Die geognostischen Verhältnisse des Hohentwiel.[1]

Schon als der südlichste Vulkanberg Deutschlands diesseits der Alpen erregt der Hohentwiel die Aufmerksamkeit der Geologen, insonderheit aber zieht er als der südöstliche Eckpfeiler des vulkanischen Hegau, der sich mit senkrecht abfallender Steilwand 261 m über den Wasserspiegel der seinen Fuß bespülenden Aach erhebt, vor allen Bergen der Gegend die Augen auf sich. Von seinem Fuß bis zur Spitze besteht dieser gewaltige Ausbruchsberg aus Phonolith (Klingstein). Seine imposante Gestalt aber mag geradezu als Typus gelten für dieses eruptive Gestein; die glockenförmige Riesenkuppel, die steilen durch die Erosion gerippt erscheinenden Seitenwände, die schalenförmig über einander gelegten Gesteinsplatten, die auf der Höhe des Berges sich flach legen, gegen den Rand sich wölben, gegen die Tiefe steil abfallen, tragen die Geschichte der Entstehung des Berges durch unterirdische vulkanische Kräfte mit deutlicher Schrift an ihrer Felsenstirne geschrieben.
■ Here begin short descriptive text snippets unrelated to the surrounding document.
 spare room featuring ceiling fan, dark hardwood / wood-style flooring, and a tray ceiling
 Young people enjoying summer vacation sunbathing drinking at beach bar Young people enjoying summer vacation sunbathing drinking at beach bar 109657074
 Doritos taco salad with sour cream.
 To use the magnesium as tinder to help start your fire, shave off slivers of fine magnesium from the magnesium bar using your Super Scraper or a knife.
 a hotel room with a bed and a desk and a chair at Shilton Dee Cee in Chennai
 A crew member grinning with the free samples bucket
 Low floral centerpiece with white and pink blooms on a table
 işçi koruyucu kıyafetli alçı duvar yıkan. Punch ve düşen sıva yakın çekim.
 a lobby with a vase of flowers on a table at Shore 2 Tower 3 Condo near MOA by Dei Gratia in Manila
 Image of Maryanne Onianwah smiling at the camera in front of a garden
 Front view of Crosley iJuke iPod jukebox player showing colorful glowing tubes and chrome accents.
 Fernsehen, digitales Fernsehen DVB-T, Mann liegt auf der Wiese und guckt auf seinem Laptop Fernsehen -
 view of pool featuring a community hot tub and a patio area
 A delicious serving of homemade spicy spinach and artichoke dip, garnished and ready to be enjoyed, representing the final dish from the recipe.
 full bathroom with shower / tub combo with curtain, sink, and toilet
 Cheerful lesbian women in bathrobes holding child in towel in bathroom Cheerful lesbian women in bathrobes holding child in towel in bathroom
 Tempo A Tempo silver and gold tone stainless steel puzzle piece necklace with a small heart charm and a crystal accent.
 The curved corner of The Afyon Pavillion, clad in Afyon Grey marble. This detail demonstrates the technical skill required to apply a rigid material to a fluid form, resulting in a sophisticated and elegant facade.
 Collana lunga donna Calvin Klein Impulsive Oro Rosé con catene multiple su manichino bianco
Phonolith bildet durchweg die Grundmasse des Berges, die im frischen unzersetzten Zustand ein dunkles Grau zeigt, am Tage aber unter dem Einfluß der Atmosphärilien sich zersetzt und an Farbe lichtgrau wird mit einem Stich in Gelb oder Braun. Den ersteren Zustand des Gesteines lernen wir nur am Fuß des Felsens kennen, wo unterhalb der Maierei Steinbrucharbeiten in den Schuttfuß des Berges getrieben werden, um das noch frische Gestein zu Marksteinen und Pflastersteinen zu verwenden.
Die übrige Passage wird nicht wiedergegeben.